Smiley face
写真・図版
伊藤紗恵さん(左)と「CとH」共同創業者の橋本勝太さん=2025年1月23日午後3時6分、石川県珠洲市飯田町、上田真由美撮影

 能登半島地震からの復興に向けたキーワードにもなっている、都市と地方の両方に拠点を置く「二地域居住」。震災前から石川県珠洲市で取り組んできた伊藤紗恵さん(41)は「震災を経て、地方の重要性を改めて強く感じている」と話す。

 珠洲市飯田町のかつて保険会社だった建物。黒い能登瓦の玄関を入ると、フロアには木製の大きなテーブルが置かれ、パソコンでオンライン会議をする人や、おしゃべりしている人がいた。会員になれば24時間利用できるコワーキングスペース「OKNO to Bridge(奥能登ブリッジ)」だ。現在会員は70余りの人や団体で、気ままに出入りし、仕事をしたり交流を深めたりしている。

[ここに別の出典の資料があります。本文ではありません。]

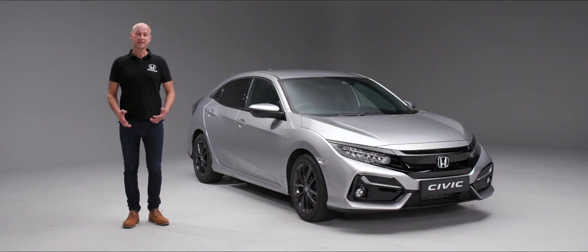Thank you for watching this handover video on your new Civic. We hope you found it enjoyable and informative. If you do have any questions that haven't been answered in this video, please contact your local dealer who will be delighted to fill in any of those gaps for you.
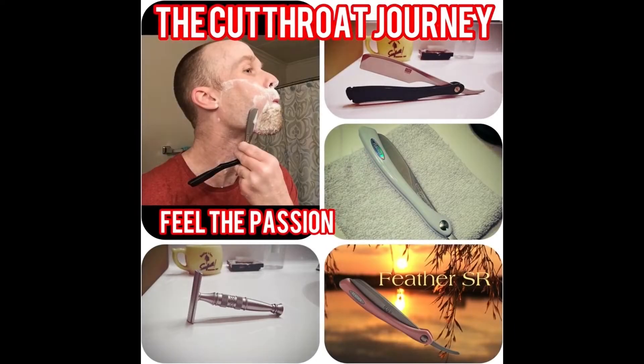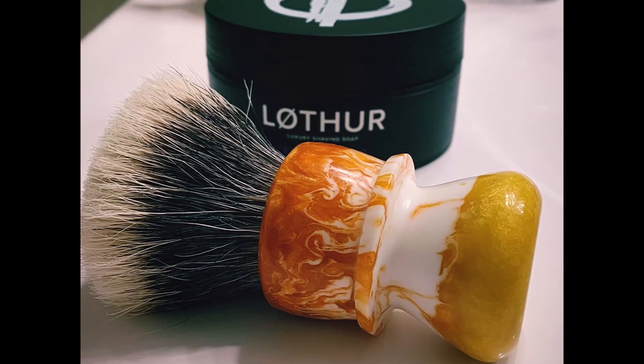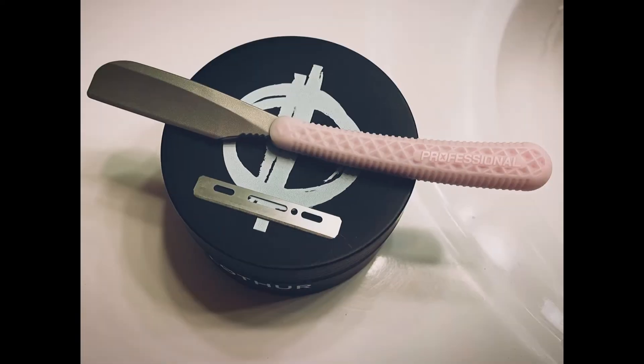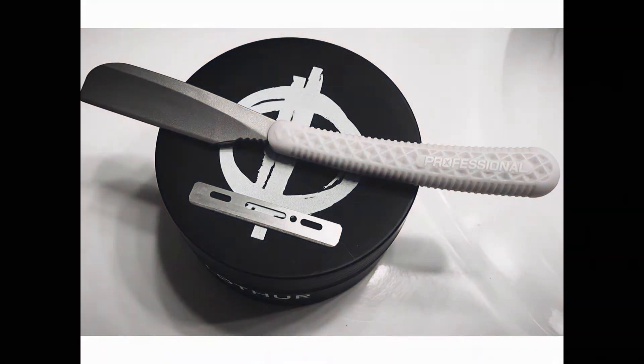Feel the passion. Let's get going. Hey guys, welcome back to my channel and a mail call unboxing. Let's get to the meat and potatoes of this here. Just fix this up here for you guys so you can see this good.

 一角には「工房」もあり、近くに住む女性がガラスアクセサリーをつくっていた。運営する伊藤さんは「被災地や2次避難中の人が、能登に残る、戻る、関わり続ける、という選択肢を広げたかった」と話す。

写真・図版
OKNO to Bridge内にあるアクセサリー工房。伊藤紗恵さん(右)が作業を見守った=2025年1月23日午後2時51分、石川県珠洲市飯田町、上田真由美撮影

 奥能登ブリッジの拠点は珠洲のほか、約100キロ離れた金沢市にもあり、アクセサリー工房も両方の拠点内にある。「職人」として採用された6人の女性は、出来高制で好きな時間にどちらでも働ける。